Voice-assisted AI
A little while ago I read through the engineering publications from Bungie. Some of the AI papers discuss one of the worst problems in game AI: recognizing the player’s intention. The next time I played on Xbox Live, I picked up my controller, put on my headset, and had an idea: why not use voice to help AI figure out what you’re thinking?
For example, if you say “fall back,” the AI could recognize that and do it. If you have the thermal vision of the group and you see enemies around a corner, you might say “enemies around that corner.” Even though you didn’t tell the AI which corner you meant, they could either guess, or - since they’re controlled by the game system - use information in the system to figure out which corner you mean. It’s cheating, but it improves the user experience, so it works.
So why isn’t this in games already? Aside from localization issues there really aren’t any barriers. Speech recognition works pretty well - it’s a bit slow and not always accurate - but that’s good enough to provide help to an AI in a game (not to entirely guide it - I’m talking about a layer on top of the normal AI you’d find in a game). The only other issue would be that not everyone has a headset. But if you only use voice to assist AI, you can still provide a quality experience otherwise. We should at least be seeing this sort of thing in top-tier games.

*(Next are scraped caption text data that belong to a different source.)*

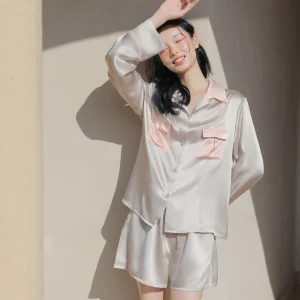 Women 100% Mulberry Silk Pajamas Long Sleeve Shorts Set Loose Fashion Homewear Skin-friendly Casual Loungewear Wearable Outside - AliExpress Women's Sleep & Lounge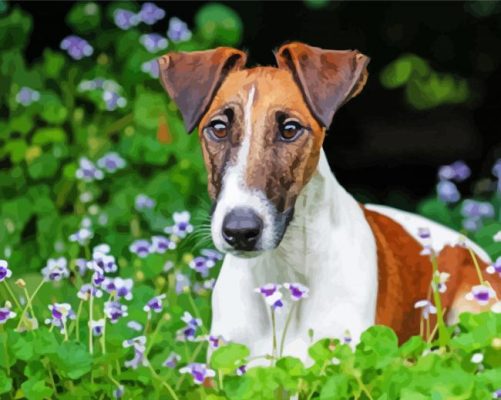 Smooth Fox Terrier With Flowers paint by numbers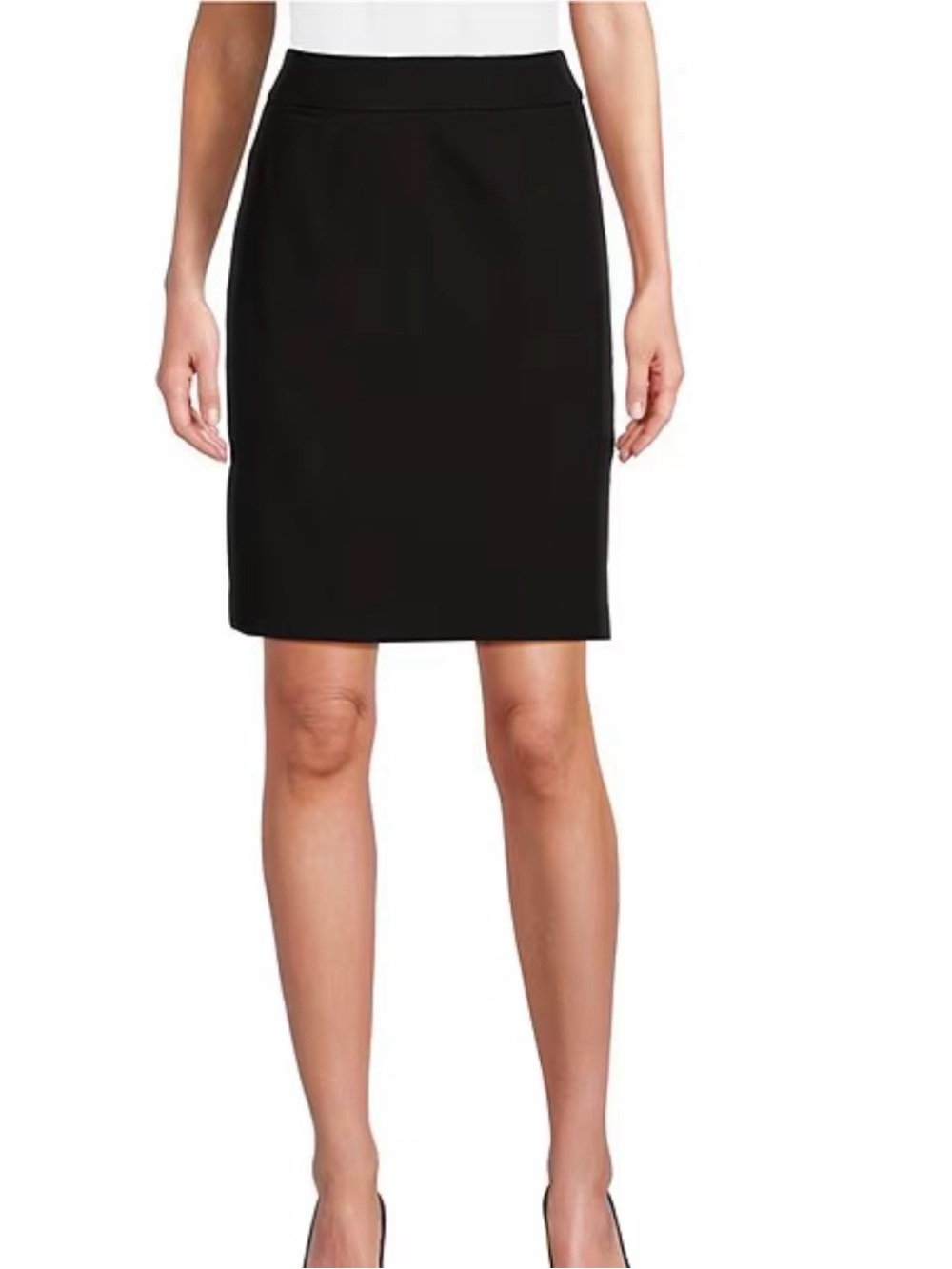 Calvin Klein Black High Rise Luxe Stretch Pencil Skirt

In fact, to demonstrate how easy it is to get some very rudimentary speech-driven AI working, I decided to code a little test tonight. I set aside some time for it and went to work. 15 minutes later I was done. Turns out .NET 3.0 has speech recognition built into the System.Speech.Recognition namespace. The result is this:
Download it here
(requires .NET 3.0 and XNA 2.0)
You say some variation of top, bottom, left, right or center to move the ball to that position on the screen. It’d be trivial to translate that into a 3D space based on a first-person perspective (though “front” might be a good word). It could also be more context-sensitive - e.g. maybe “on the left” after “the door” would refer to the left side of the hall instead of the player’s current “left”.
So what are your thoughts? Why aren’t we seeing this in games already? Are there games that do something like this? I know there are games that use sound recognition, but why wouldn’t the more popular games use voice recognition? I looked for patents, and there are a couple, but they seem very specific, and not really applicable to the first-person genre. Other than taking system resources (which with more powerful systems should be less of an issue), what reasons are there for this not being in games already?
September 15th, 2008 at 8:58 am
Socom 2 on the ps2 had this capability: http://www.gaming-age.com/cgi-bin/reviews/review.pl?sys=ps2&game=socom2
“The voice headset, which is NOT included with SOCOM II, is a very important piece of the game. The headset which was bundled with SOCOM I, or the new and improved headset which is now only sold separately, is integral for really experiencing the game as it was meant to be. In addition to vocally commanding your units to perform certain actions (Examples: “Bravo..Deploy..Read Smoke” or “Fireteam..Lead to..Charlie”)”
September 15th, 2008 at 9:00 am
oh, and I totally forgot to include … very awesome!
I do wish XNA would give you access to the xbox live headset data … would be cool to include this in an xna game that runs on the xbox
September 15th, 2008 at 9:14 am
Ah, I didn’t see that. Wonder why it’s not in more games.
September 15th, 2008 at 2:51 pm
Heh, pretty cool demo. It is a little odd why more games don’t do it. Games like Brothers in Arms could benefit greatly from voice commands.
Tom Clancy’s Endwar I think used voice recognition for all the commands in the game.